• Activity:
Look through the records below for the line with "blog ampeco how". Return that line and each one after it up to and including the line with "Single Row BALL", exactly.

• Records shown:
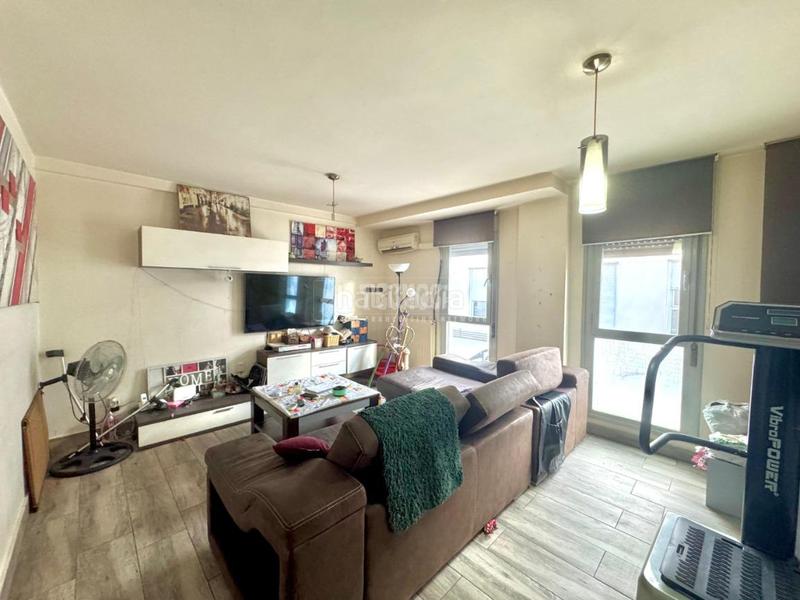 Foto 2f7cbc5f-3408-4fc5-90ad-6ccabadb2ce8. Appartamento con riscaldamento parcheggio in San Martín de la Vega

--

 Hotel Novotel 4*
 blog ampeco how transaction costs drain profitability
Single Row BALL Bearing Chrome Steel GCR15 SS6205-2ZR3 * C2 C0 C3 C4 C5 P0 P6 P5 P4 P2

* * *

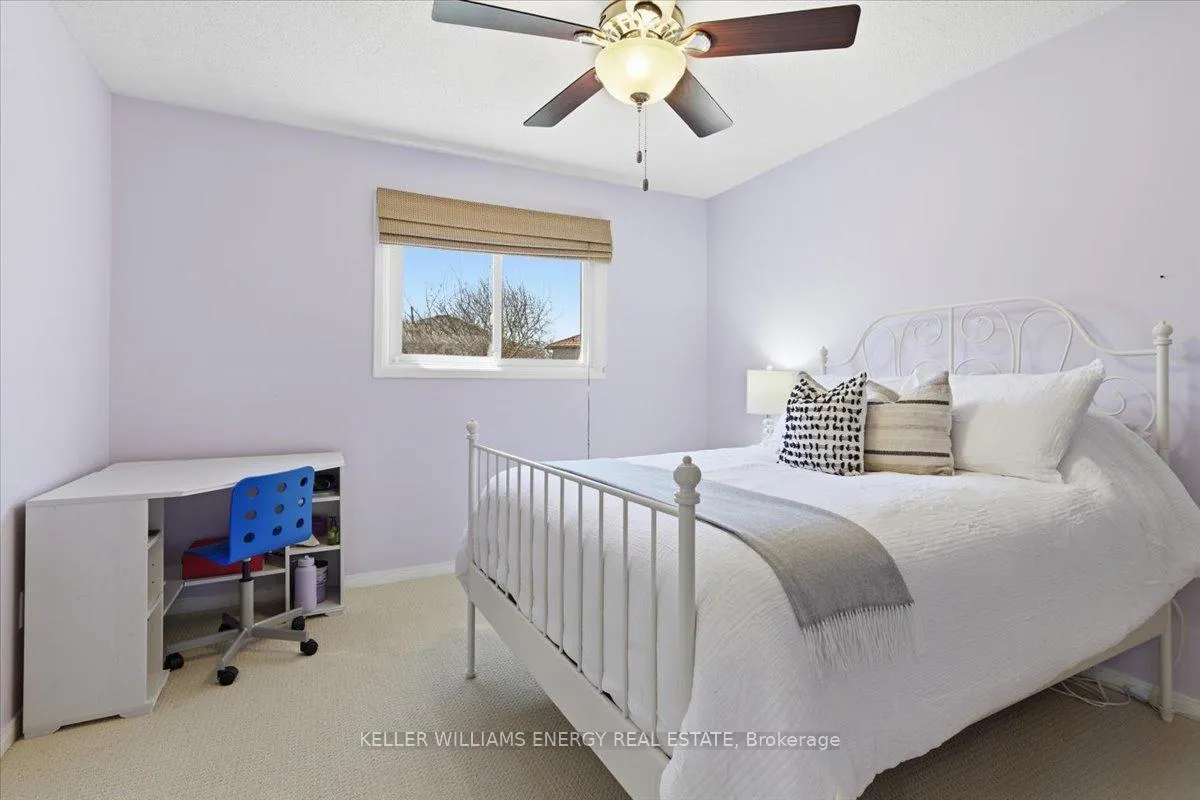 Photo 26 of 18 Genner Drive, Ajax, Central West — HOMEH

• Task answer:
 blog ampeco how transaction costs drain profitability
Single Row BALL Bearing Chrome Steel GCR15 SS6205-2ZR3 * C2 C0 C3 C4 C5 P0 P6 P5 P4 P2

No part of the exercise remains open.